同居人のバイト先は、バー。それもオーセンティックバー。一度冷やかしに見に行ったことがあるが、マスターはジャケット、バイトもワイシャツにベスト、蝶ネクタイという出立だった。バーカウンターの後ろの壁には何やら高そうな酒が所狭しと並べられていた。

そんな雰囲気むき出しのバーで急遽1日だけバイトできるような友達を私は一人も知らなかったので、

「うーん。知り合いにはいないかも〜」

と曖昧に返事した。すると、

「もし、どうしても誰も入れなかった場合には、お願いしてもいい?」

このような場合に都合よくバイトに入ってくれる知り合いは見つからない。そうして、俺が行くことになった。

私は親の脛を齧ることに関して言えば右に出るものはいないほどの「Spoiled Child」(甘やかされてダメになった子ども)であるため、飲食はおろかほとんどバイトをしたことがなかった。

そのため、当日は朝から緊張していた。まず、身だしなみを整える必要がある。家中を這いずり回って、服を見つけ出す。なんとかくしゃくしゃのワイシャツと、スラックス、ベルトとコートを棚の奥の奥から引っ張り出してくることに成功した。

ワイシャツに皺があるのは、一般的にあまりよくないことであるという知識を持っていたため、急いで洗って、できるだけ皺ができないように干した。うちにアイロンなどという高級なものはないため、苦肉の策だった。あゝ、こんなことならアイロンくらい持っておけばよかった。
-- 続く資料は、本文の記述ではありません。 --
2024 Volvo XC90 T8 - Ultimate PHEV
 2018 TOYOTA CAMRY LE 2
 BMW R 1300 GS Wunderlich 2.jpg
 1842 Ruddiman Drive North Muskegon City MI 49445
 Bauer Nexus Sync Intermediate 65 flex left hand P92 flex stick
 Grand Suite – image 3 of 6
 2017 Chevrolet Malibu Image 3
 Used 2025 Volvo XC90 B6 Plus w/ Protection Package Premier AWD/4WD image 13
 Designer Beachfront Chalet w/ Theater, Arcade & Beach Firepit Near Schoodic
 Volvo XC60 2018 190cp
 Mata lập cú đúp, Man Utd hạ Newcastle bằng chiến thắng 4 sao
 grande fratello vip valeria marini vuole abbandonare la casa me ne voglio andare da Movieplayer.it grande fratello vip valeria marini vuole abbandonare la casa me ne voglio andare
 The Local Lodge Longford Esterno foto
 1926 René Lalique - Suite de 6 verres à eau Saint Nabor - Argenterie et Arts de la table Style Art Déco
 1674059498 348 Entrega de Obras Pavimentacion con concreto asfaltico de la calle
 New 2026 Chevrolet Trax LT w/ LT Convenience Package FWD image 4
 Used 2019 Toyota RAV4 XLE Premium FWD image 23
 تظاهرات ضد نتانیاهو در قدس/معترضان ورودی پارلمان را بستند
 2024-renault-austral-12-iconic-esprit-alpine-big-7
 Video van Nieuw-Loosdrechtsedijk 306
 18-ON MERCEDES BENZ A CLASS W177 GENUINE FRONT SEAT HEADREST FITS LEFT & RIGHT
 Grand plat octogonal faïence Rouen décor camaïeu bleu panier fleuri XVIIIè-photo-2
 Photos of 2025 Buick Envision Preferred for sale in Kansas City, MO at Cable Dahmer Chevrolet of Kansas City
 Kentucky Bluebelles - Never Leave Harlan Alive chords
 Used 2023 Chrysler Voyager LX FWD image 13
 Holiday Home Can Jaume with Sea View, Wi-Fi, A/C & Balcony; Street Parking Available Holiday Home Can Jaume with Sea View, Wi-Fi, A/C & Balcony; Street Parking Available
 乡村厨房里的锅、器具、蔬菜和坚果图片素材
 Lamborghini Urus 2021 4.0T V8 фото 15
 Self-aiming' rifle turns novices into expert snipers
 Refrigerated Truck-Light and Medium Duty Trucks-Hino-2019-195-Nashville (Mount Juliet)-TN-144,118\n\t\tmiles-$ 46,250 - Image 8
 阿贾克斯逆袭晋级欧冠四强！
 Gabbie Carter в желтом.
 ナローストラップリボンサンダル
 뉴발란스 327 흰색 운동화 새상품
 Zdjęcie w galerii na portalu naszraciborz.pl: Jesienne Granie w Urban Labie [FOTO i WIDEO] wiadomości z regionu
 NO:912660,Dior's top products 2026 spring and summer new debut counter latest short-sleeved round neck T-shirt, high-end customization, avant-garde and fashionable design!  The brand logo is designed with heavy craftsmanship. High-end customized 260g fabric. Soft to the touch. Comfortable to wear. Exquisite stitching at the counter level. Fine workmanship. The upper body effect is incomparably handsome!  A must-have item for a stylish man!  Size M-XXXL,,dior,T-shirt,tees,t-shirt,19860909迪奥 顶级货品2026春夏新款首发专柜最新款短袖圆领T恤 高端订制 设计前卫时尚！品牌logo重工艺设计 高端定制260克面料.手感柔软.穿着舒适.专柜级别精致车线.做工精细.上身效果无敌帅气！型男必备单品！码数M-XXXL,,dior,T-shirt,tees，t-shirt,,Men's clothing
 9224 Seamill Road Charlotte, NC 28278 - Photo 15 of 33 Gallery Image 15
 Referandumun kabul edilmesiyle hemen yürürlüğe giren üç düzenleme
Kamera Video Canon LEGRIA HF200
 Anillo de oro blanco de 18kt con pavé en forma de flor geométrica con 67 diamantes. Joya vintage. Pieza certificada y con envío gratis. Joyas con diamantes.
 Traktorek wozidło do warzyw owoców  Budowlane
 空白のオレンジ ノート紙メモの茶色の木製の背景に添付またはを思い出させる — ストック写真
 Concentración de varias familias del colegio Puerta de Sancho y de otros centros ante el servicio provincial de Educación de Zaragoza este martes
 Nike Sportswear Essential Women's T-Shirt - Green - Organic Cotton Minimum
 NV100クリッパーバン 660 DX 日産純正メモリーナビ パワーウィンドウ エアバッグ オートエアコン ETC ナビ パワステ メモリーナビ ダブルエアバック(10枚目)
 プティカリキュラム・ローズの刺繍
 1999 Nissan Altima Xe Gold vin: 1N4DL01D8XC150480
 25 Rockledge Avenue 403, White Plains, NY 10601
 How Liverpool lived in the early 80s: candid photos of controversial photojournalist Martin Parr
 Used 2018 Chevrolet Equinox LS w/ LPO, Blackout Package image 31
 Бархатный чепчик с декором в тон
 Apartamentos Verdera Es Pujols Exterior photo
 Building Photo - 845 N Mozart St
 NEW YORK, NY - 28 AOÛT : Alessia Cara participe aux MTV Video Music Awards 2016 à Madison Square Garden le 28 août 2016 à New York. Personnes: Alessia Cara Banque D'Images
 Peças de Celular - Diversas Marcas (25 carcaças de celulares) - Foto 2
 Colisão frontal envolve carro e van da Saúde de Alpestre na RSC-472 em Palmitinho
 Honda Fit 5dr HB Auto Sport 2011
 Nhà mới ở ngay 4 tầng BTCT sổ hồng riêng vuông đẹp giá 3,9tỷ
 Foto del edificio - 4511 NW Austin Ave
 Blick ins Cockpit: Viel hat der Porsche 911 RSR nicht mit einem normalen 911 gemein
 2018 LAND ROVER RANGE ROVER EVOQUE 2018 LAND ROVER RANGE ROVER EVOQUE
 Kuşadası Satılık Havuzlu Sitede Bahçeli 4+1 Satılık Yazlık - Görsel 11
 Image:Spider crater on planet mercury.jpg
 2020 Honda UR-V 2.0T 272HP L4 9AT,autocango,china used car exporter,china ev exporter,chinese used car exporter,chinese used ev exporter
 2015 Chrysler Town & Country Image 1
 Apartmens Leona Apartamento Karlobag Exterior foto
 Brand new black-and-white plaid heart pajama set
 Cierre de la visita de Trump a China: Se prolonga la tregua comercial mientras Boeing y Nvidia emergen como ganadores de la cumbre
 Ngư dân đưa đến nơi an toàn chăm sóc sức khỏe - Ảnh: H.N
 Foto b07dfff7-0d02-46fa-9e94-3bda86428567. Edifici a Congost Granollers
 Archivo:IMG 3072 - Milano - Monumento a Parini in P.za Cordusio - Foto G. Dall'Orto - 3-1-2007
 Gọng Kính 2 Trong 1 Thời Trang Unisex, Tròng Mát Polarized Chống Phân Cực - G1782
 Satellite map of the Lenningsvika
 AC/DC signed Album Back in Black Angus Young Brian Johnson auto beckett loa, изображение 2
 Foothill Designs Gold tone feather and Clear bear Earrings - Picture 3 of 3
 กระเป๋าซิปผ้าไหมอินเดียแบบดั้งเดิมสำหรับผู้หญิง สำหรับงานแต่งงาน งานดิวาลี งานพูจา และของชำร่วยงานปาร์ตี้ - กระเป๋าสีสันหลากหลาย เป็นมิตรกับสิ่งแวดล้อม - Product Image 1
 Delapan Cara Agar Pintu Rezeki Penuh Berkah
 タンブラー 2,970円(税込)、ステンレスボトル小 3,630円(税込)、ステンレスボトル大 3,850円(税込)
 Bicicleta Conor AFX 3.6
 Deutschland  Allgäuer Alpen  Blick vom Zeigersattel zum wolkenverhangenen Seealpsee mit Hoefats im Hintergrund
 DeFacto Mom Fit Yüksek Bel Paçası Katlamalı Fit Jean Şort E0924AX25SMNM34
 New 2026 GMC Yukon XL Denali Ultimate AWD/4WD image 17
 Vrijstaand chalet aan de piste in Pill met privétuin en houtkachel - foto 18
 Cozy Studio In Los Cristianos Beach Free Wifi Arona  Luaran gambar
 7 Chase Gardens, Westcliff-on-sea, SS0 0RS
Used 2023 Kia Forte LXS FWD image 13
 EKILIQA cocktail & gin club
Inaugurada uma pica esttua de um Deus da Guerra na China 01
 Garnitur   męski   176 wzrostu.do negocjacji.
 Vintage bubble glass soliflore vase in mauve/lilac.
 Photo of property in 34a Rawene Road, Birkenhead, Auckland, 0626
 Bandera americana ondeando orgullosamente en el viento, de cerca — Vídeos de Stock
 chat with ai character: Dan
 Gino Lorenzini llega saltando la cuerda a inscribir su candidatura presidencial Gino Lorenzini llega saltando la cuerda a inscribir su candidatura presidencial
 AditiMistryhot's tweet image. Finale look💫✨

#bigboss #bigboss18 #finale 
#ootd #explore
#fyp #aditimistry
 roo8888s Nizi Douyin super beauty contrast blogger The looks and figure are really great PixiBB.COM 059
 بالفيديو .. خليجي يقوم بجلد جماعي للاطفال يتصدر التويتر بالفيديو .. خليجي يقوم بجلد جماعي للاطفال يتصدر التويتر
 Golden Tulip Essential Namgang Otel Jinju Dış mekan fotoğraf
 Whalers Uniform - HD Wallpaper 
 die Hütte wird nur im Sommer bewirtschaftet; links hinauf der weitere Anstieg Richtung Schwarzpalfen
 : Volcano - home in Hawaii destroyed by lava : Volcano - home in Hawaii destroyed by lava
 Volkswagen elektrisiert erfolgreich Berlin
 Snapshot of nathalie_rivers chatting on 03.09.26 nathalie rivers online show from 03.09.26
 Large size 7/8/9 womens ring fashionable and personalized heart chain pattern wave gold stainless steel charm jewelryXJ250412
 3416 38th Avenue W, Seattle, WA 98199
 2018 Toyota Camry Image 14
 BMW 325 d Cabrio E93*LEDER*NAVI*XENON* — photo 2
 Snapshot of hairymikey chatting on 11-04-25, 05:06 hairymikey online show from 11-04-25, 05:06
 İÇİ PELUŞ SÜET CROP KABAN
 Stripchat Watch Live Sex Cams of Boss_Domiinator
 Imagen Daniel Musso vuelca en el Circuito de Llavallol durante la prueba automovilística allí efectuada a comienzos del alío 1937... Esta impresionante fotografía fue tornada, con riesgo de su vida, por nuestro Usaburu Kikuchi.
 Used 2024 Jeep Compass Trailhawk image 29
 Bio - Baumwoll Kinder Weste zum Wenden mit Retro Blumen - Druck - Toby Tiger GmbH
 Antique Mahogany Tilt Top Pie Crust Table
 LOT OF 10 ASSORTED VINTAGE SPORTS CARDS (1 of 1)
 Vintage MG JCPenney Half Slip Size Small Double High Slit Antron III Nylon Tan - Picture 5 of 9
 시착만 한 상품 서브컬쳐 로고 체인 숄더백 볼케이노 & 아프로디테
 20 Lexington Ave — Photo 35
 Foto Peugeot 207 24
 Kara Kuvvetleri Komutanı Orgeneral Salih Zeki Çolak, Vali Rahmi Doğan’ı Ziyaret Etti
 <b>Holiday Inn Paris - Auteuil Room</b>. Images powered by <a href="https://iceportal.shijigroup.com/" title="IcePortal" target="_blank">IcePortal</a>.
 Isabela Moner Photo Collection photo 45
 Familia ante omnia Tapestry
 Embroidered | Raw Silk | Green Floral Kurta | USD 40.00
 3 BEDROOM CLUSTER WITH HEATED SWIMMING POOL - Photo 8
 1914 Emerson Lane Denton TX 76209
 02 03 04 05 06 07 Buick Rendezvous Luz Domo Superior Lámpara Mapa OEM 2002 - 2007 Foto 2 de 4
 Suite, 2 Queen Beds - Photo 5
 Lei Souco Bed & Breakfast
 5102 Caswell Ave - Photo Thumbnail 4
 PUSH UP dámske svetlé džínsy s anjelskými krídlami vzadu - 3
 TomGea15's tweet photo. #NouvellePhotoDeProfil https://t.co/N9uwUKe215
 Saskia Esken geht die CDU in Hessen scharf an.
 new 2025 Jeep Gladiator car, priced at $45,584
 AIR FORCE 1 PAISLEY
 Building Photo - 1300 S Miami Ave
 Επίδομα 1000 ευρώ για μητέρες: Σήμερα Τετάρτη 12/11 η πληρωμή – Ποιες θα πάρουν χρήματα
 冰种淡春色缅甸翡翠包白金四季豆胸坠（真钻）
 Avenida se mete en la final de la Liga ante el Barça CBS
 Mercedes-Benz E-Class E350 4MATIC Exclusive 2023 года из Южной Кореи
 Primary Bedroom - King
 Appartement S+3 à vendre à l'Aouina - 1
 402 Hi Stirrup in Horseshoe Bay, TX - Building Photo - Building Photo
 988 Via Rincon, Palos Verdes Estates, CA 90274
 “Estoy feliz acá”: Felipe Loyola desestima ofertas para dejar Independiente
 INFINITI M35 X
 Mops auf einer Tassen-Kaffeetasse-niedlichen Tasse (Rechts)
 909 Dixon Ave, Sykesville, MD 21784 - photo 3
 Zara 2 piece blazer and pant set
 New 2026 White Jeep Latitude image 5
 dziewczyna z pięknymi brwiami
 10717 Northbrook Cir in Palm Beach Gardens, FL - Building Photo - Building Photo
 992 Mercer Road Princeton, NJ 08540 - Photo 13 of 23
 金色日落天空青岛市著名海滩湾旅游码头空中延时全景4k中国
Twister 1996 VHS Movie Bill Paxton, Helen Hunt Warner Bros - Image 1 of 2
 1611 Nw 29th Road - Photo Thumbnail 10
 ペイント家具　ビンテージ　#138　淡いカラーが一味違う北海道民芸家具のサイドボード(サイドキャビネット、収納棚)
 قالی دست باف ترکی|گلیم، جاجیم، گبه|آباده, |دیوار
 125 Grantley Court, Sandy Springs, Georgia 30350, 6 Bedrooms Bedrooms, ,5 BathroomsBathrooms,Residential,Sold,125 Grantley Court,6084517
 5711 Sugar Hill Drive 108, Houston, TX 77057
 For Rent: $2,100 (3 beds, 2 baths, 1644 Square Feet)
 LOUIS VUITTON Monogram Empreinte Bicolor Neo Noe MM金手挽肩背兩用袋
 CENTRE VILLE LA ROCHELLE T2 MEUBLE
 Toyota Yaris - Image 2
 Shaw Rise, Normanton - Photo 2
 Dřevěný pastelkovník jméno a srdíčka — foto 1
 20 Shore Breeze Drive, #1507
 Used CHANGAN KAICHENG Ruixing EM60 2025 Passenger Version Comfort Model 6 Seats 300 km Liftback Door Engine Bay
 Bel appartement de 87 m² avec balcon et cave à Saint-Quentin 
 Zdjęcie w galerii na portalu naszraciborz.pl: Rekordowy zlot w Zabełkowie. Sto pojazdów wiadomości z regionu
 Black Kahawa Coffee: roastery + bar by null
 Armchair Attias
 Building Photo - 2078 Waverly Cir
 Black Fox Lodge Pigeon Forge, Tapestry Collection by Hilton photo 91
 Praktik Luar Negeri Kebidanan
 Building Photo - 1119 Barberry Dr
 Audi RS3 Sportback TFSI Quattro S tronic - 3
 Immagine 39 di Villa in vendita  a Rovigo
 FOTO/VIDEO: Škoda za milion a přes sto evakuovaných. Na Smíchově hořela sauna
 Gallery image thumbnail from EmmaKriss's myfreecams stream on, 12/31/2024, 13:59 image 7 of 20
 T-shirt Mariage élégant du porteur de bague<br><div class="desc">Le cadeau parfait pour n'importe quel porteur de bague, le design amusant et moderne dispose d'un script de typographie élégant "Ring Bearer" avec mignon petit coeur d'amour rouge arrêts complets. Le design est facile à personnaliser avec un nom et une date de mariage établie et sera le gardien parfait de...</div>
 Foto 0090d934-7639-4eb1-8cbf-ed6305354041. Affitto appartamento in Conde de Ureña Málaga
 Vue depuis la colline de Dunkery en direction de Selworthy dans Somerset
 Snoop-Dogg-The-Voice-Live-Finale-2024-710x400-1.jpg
そしてランニングに出かけた。帰国してからというもの、日本食がうますぎるあまり12キロもの増量に成功してしまった私は、体が弛んでいる。顔もイマイチ、シャキッとせず、マスターに初対面で悪い印象を与える恐れがあった。幸い顔のむくみは、ランニングを全力で1時間ほど行えば取ることができることが、研究によって明らかになっているので(n=1)、とにかく走った。

帰宅してシャワーを浴びた。伸びっぱなしだった無精髭やら顔に生えている謎の毛を剃れるだけ剃った。あとは靴を履くことになるため、足を入念に専用の洗剤で洗い、家中のクリームというクリームを塗りたくって臭いを抑えることに最善を尽くした。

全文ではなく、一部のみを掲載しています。